*** GIVEN DATA Section Begins ***

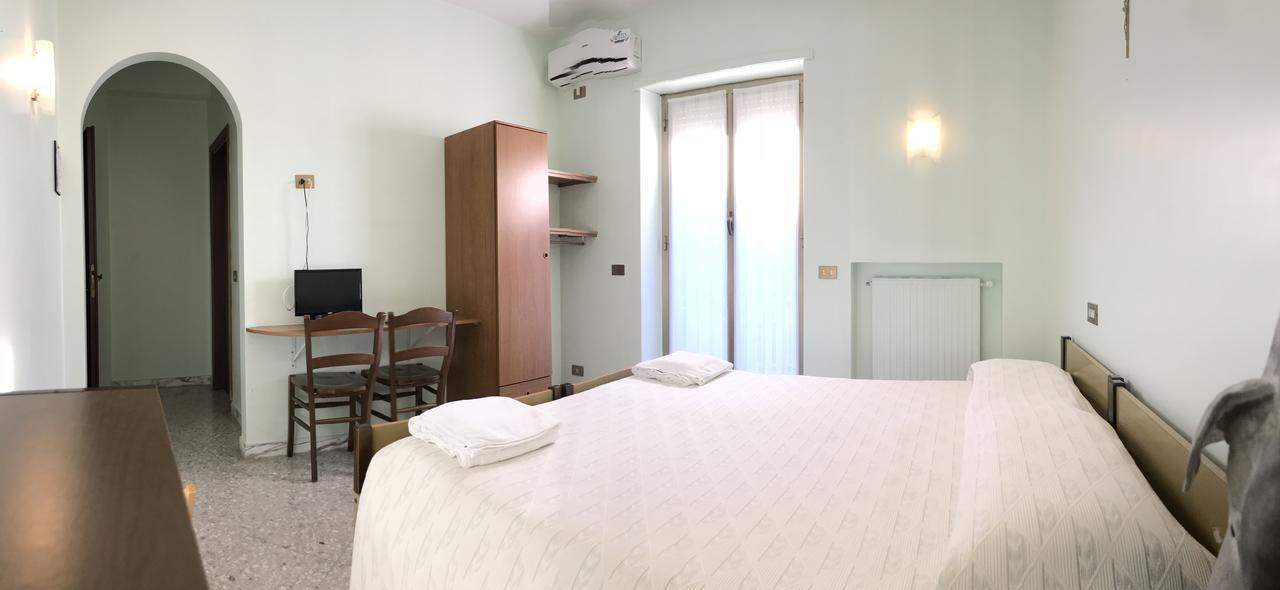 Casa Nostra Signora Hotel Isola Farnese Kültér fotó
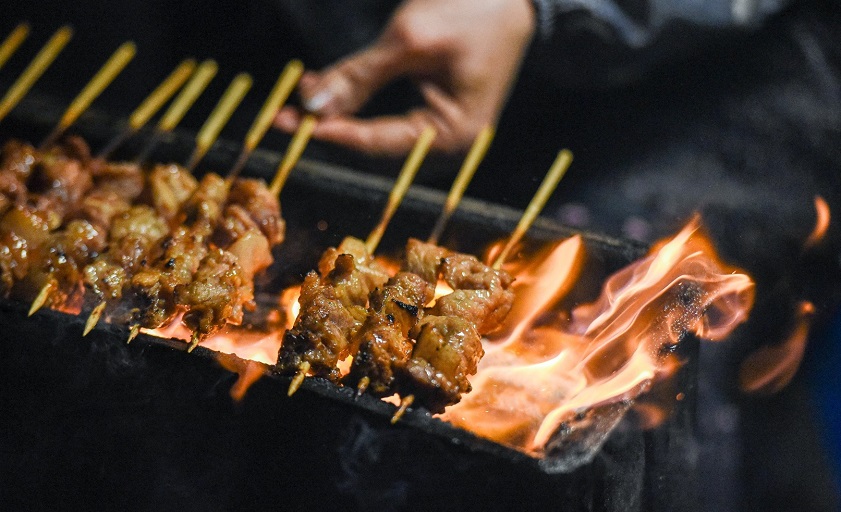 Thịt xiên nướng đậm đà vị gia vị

*** GIVEN DATA Section Ends ***
*** GIVEN DATA Section Begins ***

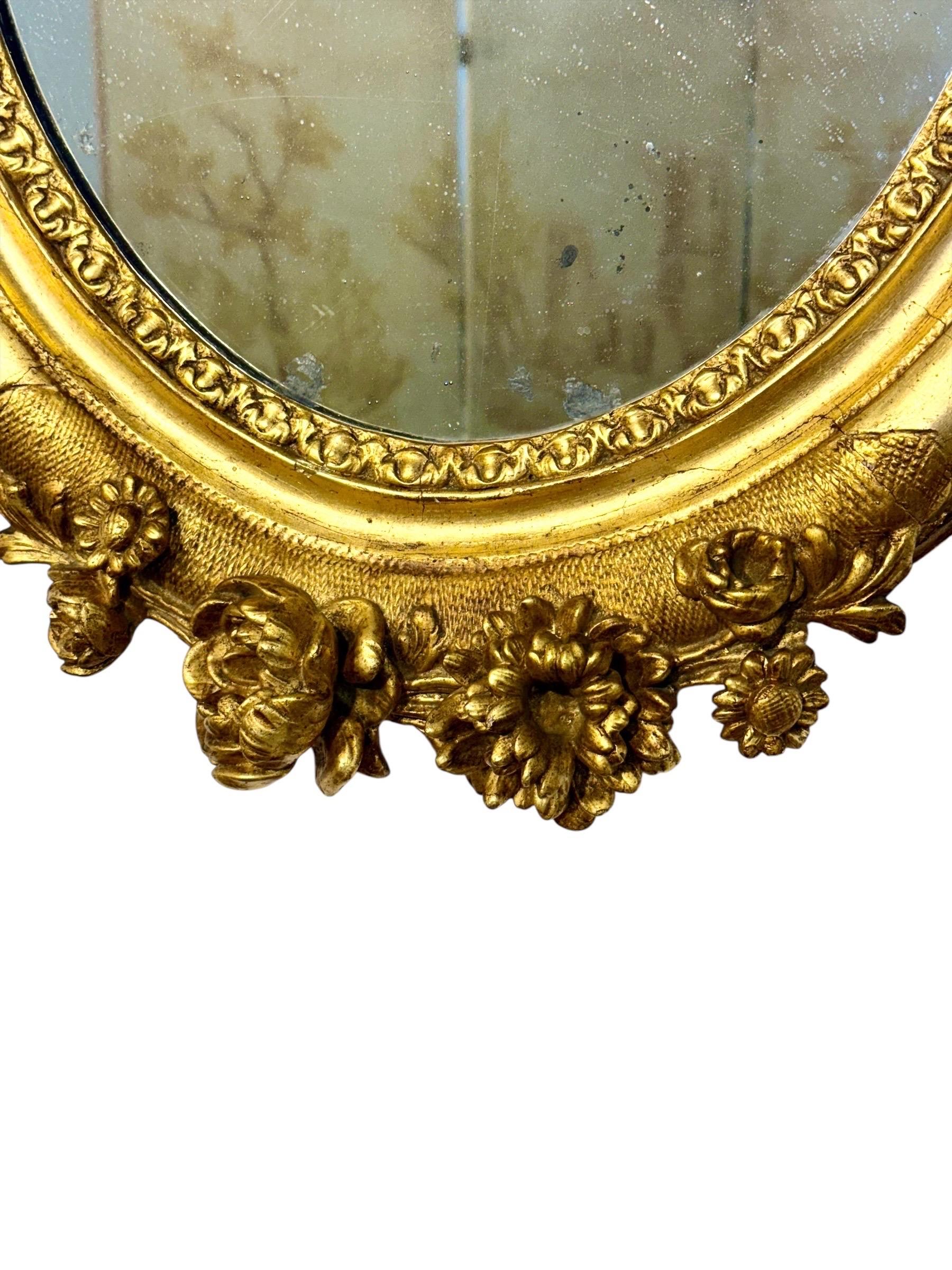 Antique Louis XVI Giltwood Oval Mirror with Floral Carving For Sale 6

*** GIVEN DATA Section Ends ***

▸ **WORK ORDER**: Would you transcribe the lines above exactly, going from the line bearing "Casa Nostra Signora" through the line bearing "Thịt xiên nướng đậm đà vị gia vị", and drop the pictures from the copy?

▸ **EXPECTED OUTPUT**:
 Casa Nostra Signora Hotel Isola Farnese Kültér fotó
 Thịt xiên nướng đậm đà vị gia vị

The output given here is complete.